1. Die Arbeitsbelastung für Sie und der Druck Ihrer Vorgesetzten werden zunehmen, bei allen absehbaren Problemen, die das für ein im Schnitt ja auch nicht jünger werdendes Personal haben wird.
2. Die Leistung, der Output, die Produktmengen, die die Bezirksverwaltung erbringt, werden sinken. Abgesehen von den Konsequenzen für die Bürgerinnen und Bürger, schrumpft damit entsprechend der Kosten-Leistungsrechnung auch die Zuweisung des Senats an den Bezirk; Treptow-Köpenick schlittert in die Haushaltsnotlage und gerät unter die Zwangsverwaltung der Senatsverwaltung für Finanzen.
Und / oder:
3. Der Bezirk muss seine Aufgaben ausgliedern, outsourcen: Die internen Verwaltungsabläufe macht dann Bertelsmann, alle Sozial- und Bildungseinrichtungen gehen an freie Träger und Gebäude, Grünflächen und Straßen werden von profitorientierten Privatunternehmen betrieben.

Ob diese Schreckensszenarien so eintreten werden oder noch abgewendet werden können – ich weiß es nicht. Aber die Richtung ist durch die Koalition so vorgegeben. Am Ende, sage ich Ihnen, ist es dann auch egal, wer hier Bezirksbürgermeister ist, er hat dann nämlich sowieso nichts mehr zu sagen.

Herr Bezirksbürgermeister Igel hat in seinem Schreiben an Sie und auch heute deutliche Worte gefunden. DIE LINKE unterstützt ihn darin.

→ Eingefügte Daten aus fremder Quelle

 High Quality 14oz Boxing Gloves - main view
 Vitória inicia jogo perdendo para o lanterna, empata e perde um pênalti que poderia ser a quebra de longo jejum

Es müssen darüber hinaus ernsthafte Zweifel daran erhoben werden, ob die Pläne des Senats mit der in der Verfassung von Berlin garantierten Stellung der Bezirke vereinbar sind. Da die Bezirke wegen ihrer besonderen (und zwar besonders schlechten) Rechtsstellung keine Möglichkeit haben, den Senat direkt zu verklagen, fordere ich das Bezirksamt auf, sich an der Umsetzung der Kürzungsmaßnahmen nicht zu beteiligen. Nicht als symbolische, letztlich wirkungslose Geste. Sondern weil nur bei aktivem Widerstand des Bezirksamtes der Senat per Verwaltungsgericht die Durchsetzung seiner Politik zu erzwingen versuchen wird. Damit wäre dann der Weg frei für eine Klärung, ob dieses Vorhaben verfassungsmäßig ist oder nicht. Und ich bin davon überzeugt: es ist es nicht.